(Data excerpts)
============

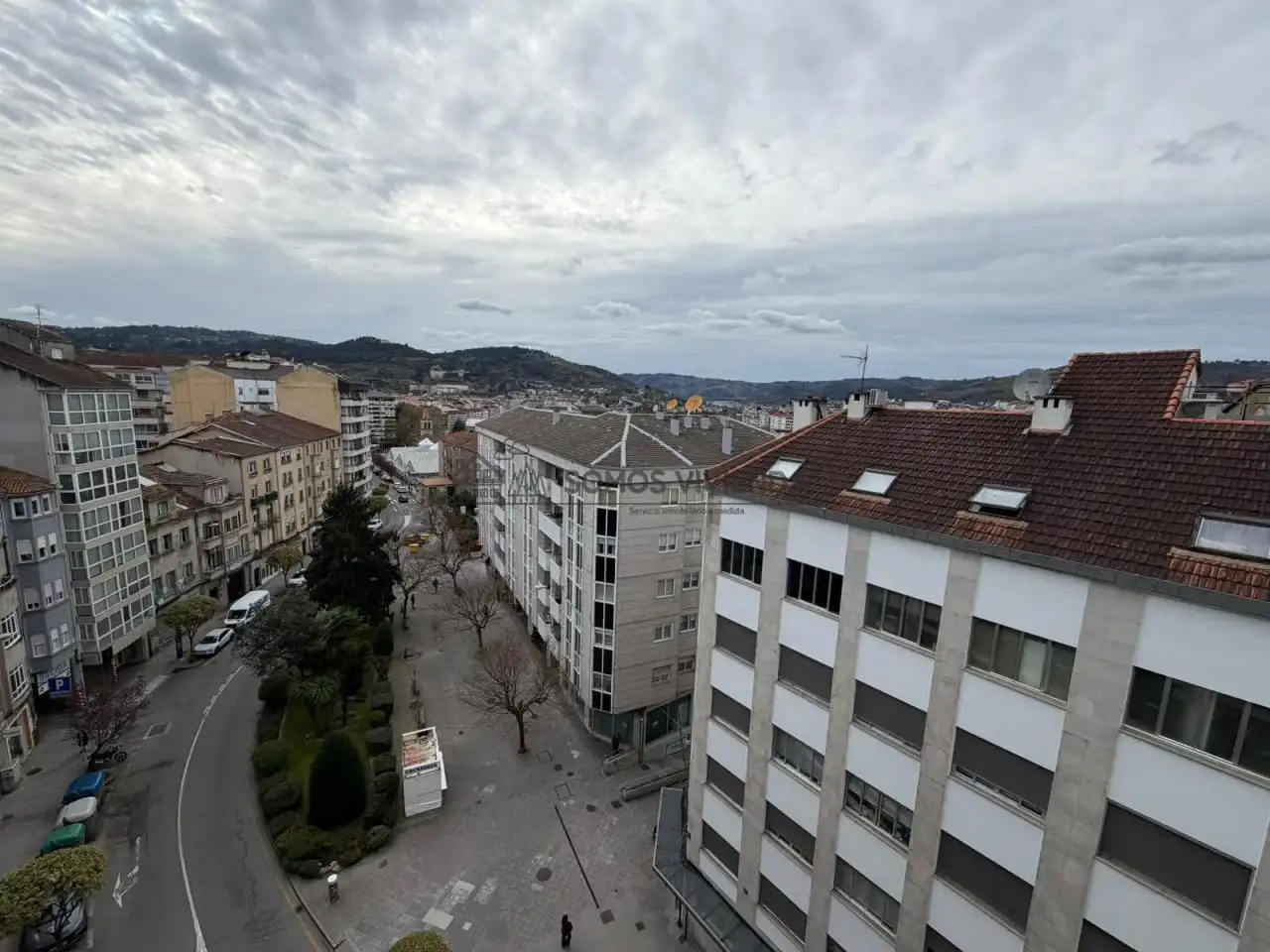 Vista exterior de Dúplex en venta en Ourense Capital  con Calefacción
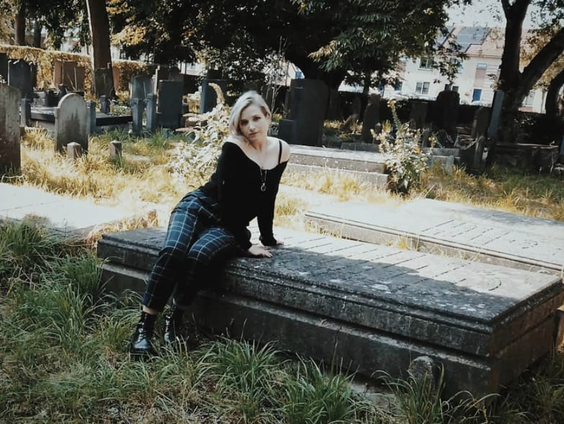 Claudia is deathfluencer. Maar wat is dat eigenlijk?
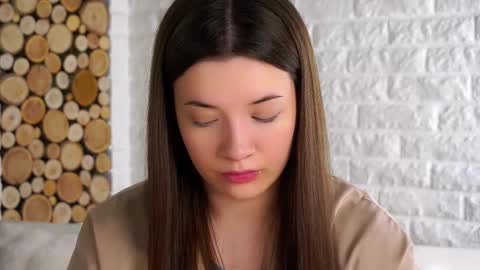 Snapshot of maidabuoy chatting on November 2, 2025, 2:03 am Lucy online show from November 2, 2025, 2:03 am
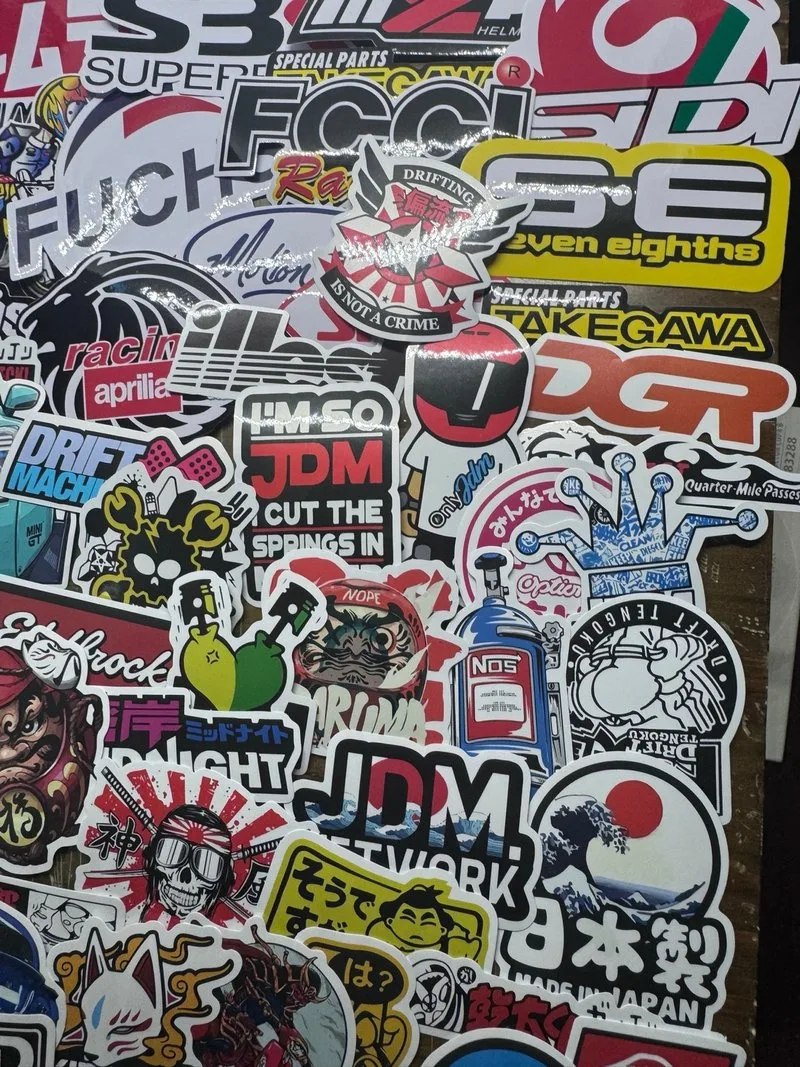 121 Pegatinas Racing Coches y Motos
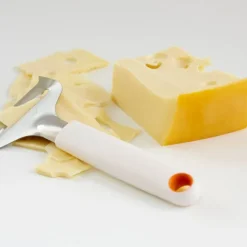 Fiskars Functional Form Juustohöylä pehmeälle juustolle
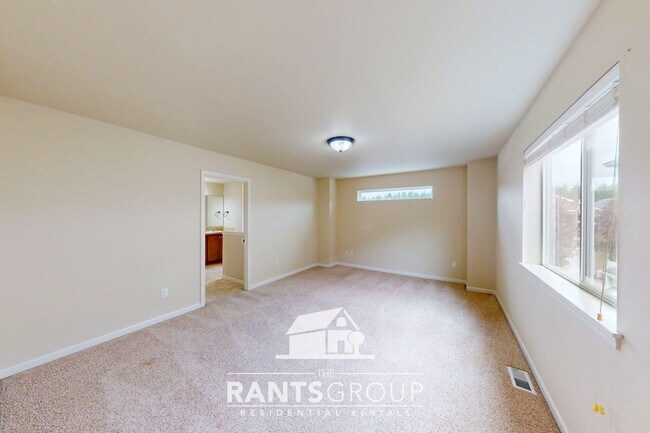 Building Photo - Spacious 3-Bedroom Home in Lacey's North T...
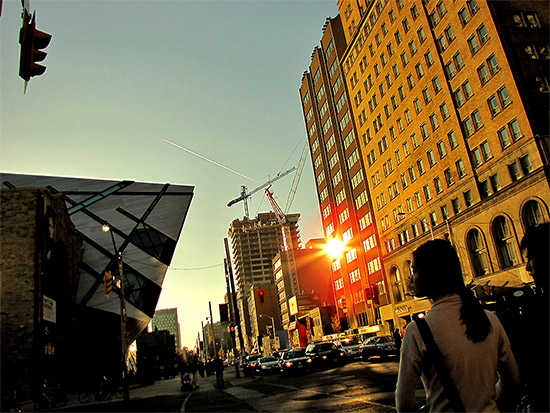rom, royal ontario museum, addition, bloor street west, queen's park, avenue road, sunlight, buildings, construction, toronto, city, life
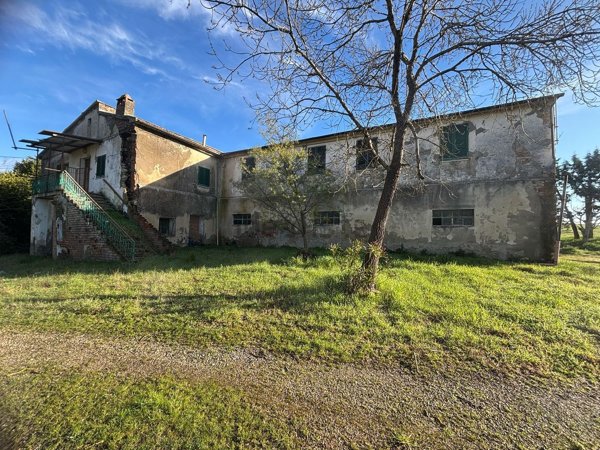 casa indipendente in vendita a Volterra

============

The response must consist of the entries above exactly as they stand, minus any pictures.

# Answer box
 Vista exterior de Dúplex en venta en Ourense Capital  con Calefacción
 Claudia is deathfluencer. Maar wat is dat eigenlijk?
 Snapshot of maidabuoy chatting on November 2, 2025, 2:03 am Lucy online show from November 2, 2025, 2:03 am
 121 Pegatinas Racing Coches y Motos
 Fiskars Functional Form Juustohöylä pehmeälle juustolle
 Building Photo - Spacious 3-Bedroom Home in Lacey's North T...
rom, royal ontario museum, addition, bloor street west, queen's park, avenue road, sunlight, buildings, construction, toronto, city, life
 casa indipendente in vendita a Volterra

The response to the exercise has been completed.